*** Information supplied ***

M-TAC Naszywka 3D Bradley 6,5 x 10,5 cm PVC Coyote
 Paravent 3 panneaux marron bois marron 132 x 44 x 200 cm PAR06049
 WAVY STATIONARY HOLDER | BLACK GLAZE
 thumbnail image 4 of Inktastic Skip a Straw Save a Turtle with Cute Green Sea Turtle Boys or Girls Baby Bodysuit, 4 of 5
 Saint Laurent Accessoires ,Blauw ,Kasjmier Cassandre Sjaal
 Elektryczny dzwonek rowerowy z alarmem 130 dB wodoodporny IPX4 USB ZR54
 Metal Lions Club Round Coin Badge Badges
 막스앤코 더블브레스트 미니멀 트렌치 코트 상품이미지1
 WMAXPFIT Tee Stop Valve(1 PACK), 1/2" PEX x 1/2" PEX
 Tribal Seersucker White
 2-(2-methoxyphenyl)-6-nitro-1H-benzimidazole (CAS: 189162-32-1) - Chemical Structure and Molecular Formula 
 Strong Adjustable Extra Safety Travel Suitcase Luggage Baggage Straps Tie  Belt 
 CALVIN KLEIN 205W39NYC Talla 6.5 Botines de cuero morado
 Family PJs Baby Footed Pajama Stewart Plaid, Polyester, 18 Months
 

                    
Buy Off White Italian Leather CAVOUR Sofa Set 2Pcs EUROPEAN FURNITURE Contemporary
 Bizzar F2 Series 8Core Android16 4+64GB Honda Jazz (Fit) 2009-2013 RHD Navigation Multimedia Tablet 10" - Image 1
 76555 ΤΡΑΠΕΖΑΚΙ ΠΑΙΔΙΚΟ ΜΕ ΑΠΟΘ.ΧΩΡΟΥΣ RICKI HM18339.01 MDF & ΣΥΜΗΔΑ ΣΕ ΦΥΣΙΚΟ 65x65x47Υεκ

*** End of Information supplied ***

## Your assignment
Retype all of the records so that every line matches the original exactly.

## Finished task
M-TAC Naszywka 3D Bradley 6,5 x 10,5 cm PVC Coyote
 Paravent 3 panneaux marron bois marron 132 x 44 x 200 cm PAR06049
 WAVY STATIONARY HOLDER | BLACK GLAZE
 thumbnail image 4 of Inktastic Skip a Straw Save a Turtle with Cute Green Sea Turtle Boys or Girls Baby Bodysuit, 4 of 5
 Saint Laurent Accessoires ,Blauw ,Kasjmier Cassandre Sjaal
 Elektryczny dzwonek rowerowy z alarmem 130 dB wodoodporny IPX4 USB ZR54
 Metal Lions Club Round Coin Badge Badges
 막스앤코 더블브레스트 미니멀 트렌치 코트 상품이미지1
 WMAXPFIT Tee Stop Valve(1 PACK), 1/2" PEX x 1/2" PEX
 Tribal Seersucker White
 2-(2-methoxyphenyl)-6-nitro-1H-benzimidazole (CAS: 189162-32-1) - Chemical Structure and Molecular Formula 
 Strong Adjustable Extra Safety Travel Suitcase Luggage Baggage Straps Tie  Belt 
 CALVIN KLEIN 205W39NYC Talla 6.5 Botines de cuero morado
 Family PJs Baby Footed Pajama Stewart Plaid, Polyester, 18 Months
 

                    
Buy Off White Italian Leather CAVOUR Sofa Set 2Pcs EUROPEAN FURNITURE Contemporary
 Bizzar F2 Series 8Core Android16 4+64GB Honda Jazz (Fit) 2009-2013 RHD Navigation Multimedia Tablet 10" - Image 1
 76555 ΤΡΑΠΕΖΑΚΙ ΠΑΙΔΙΚΟ ΜΕ ΑΠΟΘ.ΧΩΡΟΥΣ RICKI HM18339.01 MDF & ΣΥΜΗΔΑ ΣΕ ΦΥΣΙΚΟ 65x65x47Υεκ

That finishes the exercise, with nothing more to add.